Por consiguiente, aquel apacible verano de 1801 Corazón de Cuervo se enfrentó con tres tareas, cuya realización requería toda su energía: conquistar a Kakina como esposa, construir una casa en la orilla del arroyo de los salmones, bajo las grandes píceas, y tallar un tótem como los que adornaban su aldea natal, en el sur, antes de que le capturaran y convirtieran en esclavo.

Las diversas tribus de

tlingits eran de naturaleza tan diferente que apenas parecían miembros de la misma familia. Los

tlingits de Yakutat, hacia el norte, eran prácticamente salvajes: todo su interés se centraba en la guerra, las invasiones y la matanza de prisioneros. Los del clan de la colina que dominaba el estrecho de Sitka, como Kot-le-an, eran guerreros si era necesario defender su territorio, pero también lo suficientemente tranquilos como para apreciar los beneficios de la paz, siempre que pudieran obtenerla sin renunciar a sus principios. Los del sur, de donde Corazón de Cuervo era originario, vivían junto a las fronteras del pueblo

haida, una rama diferenciada de los

atapascos que tenía un idioma propio; habían tomado de ellos la artística costumbre de tallar, para instalarlos en todas las aldeas y en los hogares importantes, postes totémicos de madera de cedro rojo, altos, imponentes y llenos de color, donde se registraban los acontecimientos principales de la aldea o de la casa. El pueblo de Kot-le-an no acostumbraba a tallar tótemes y los

yakutats los quemaban en cuanto invadían una aldea; pero Corazón de Cuervo, obligado a vivir en tierra extraña, no podía sentirse a gusto en una casa que no contara con la protección de un tótem.

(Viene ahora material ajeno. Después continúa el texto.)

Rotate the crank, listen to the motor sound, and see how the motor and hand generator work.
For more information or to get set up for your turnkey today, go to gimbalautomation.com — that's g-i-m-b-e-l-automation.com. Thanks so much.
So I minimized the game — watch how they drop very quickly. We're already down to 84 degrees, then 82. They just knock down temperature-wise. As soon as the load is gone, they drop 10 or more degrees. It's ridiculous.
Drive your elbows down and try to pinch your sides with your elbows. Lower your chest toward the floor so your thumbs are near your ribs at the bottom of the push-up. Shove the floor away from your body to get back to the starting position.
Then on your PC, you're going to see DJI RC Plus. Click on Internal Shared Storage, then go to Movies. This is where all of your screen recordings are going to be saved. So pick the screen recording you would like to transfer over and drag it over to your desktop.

Con la energía que le caracterizaba, Corazón de Cuervo se aplicó simultáneamente a los tres cometidos. Pidió a Kot-le-an que le acompañara y se fue resueltamente a la cabaña de pescadores donde vivía Kakina.

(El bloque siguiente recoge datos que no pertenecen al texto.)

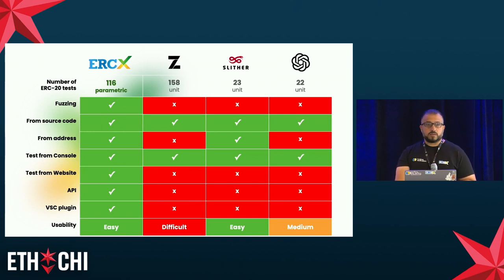We wanted to position ERCX among the many tools already available. Looking at the comparison table, the dimensions relevant for users include: number of tests — ours are parametric, meaning we feed each test with many parameter values to explore as much behavior as possible. Slither recently added parametric fuzzing too. Other dimensions include testing from source code, testing from an address, from the console, from a website, from an API, or a VS Code plugin. We had engineers evaluate the usability of these tools, and as you can see, ERCX is checking all the marks.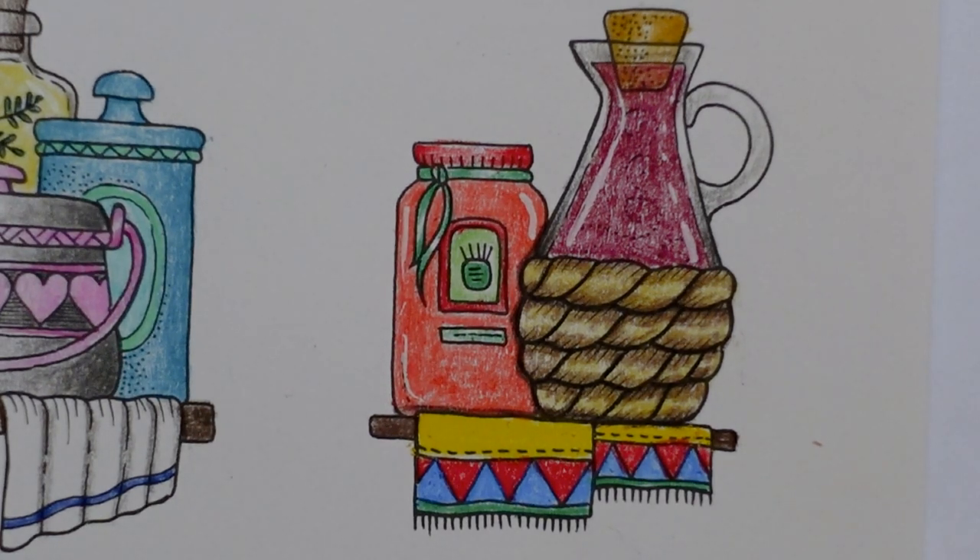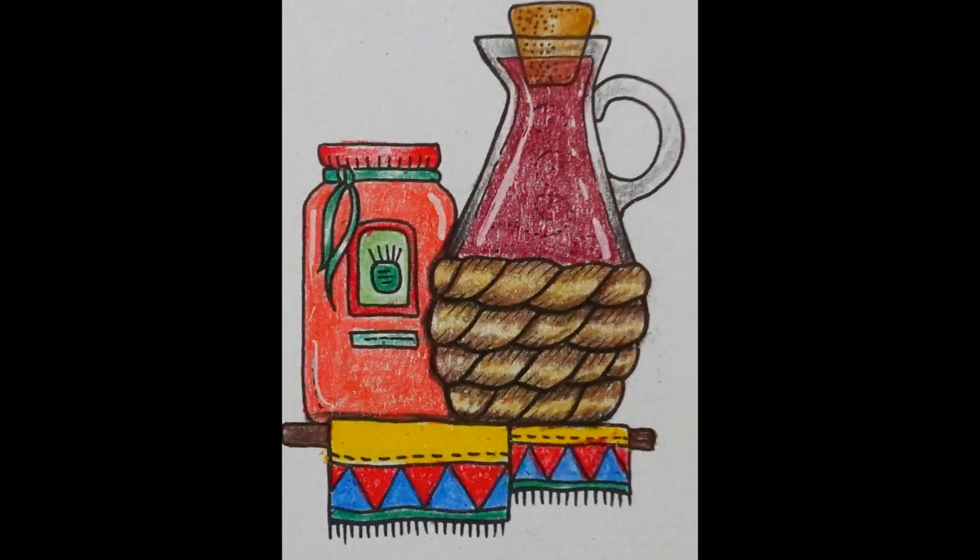So thank you very much for watching. Have a lovely day and happy colouring. Bye.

—¿Me concederías el honor de tomar a tu hija por esposa? —preguntó solemnemente al padre de Kakina.

—Puedes confiar en este hombre —aseguró Kot-le-an al padre, antes de que él pudiera dar una respuesta.

—Pero es un esclavo —protestó el pescador.

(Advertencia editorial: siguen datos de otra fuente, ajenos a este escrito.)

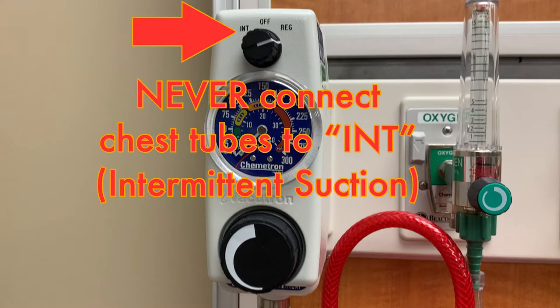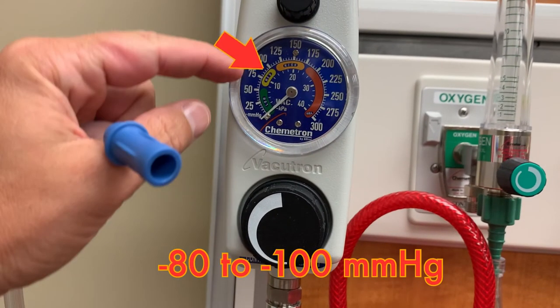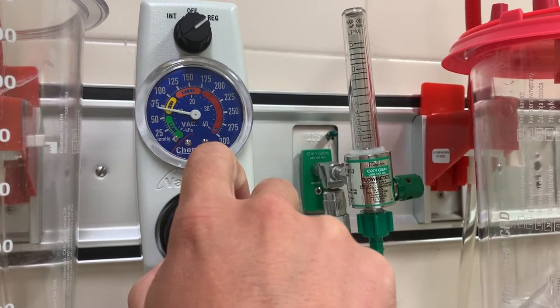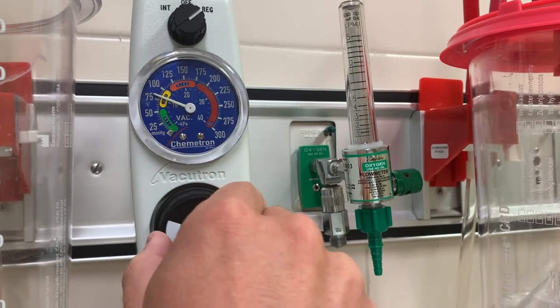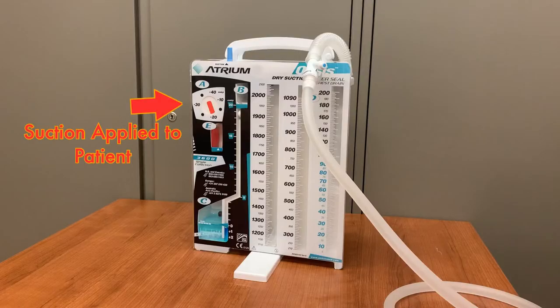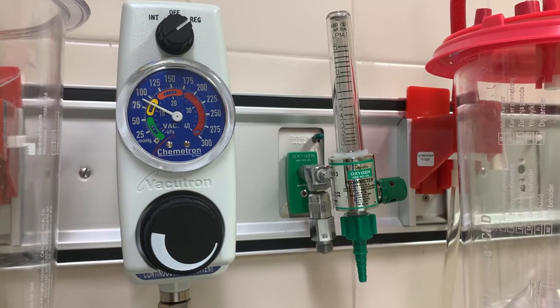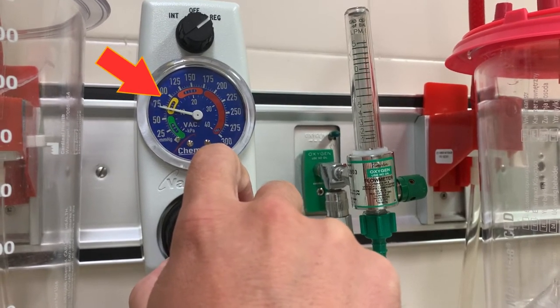Do not connect chest tubes to intermittent suction. The suction control unit should be set between negative 80 and negative 100 millimeters of mercury. Obtain this setting by turning the large knob on the bottom of the unit until the needle rests within this range. The wall unit must be set between negative 80 and negative 100, but the Oasis itself will regulate the suction applied to the patient. However, in order to function properly, the Oasis must receive between negative 80 and negative 100 from the wall suction. If the orange bellows aren't expanded properly, always check the wall unit first to ensure the proper amount of suction is being delivered.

—Ya no. El honor no lo permite —replicó Kot-le-an. Y, de este modo, se acordó el matrimonio.

Aquella misma tarde, en la orilla del arroyo de los salmones, un kilómetro y medio al este de la colina y en lo más profundo de un magnífico bosque de píceas, Corazón de Cuervo y Kakina comenzaron a talar los árboles con los que iban a construir su hogar; al anochecer, cuando ya habían trazado los contornos de la casa, llevaron a rastras hasta la orilla un tronco de cedro, que Corazón de Cuervo pensaba utilizar para tallar un tótem. Al día siguiente, con la ayuda de Kot-le-an en persona y de tres de sus colaboradores, subieron el tronco sobre unos soportes que permitirían mantenerlo separado del suelo mientras Corazón de Cuervo se dedicaba a esculpir, una tarea que iba a ocupar todo su tiempo libre durante casi un año.

Cuando trabajaba en el tronco, talló solamente la cara que se vería desde el frente e incluyó una selección propia de las hermosas imágenes que resumían la historia espiritual de su pueblo: los pájaros, los peces, los grandes osos, los barcos que surcaban las aguas, los espíritus que gobernaban la vida.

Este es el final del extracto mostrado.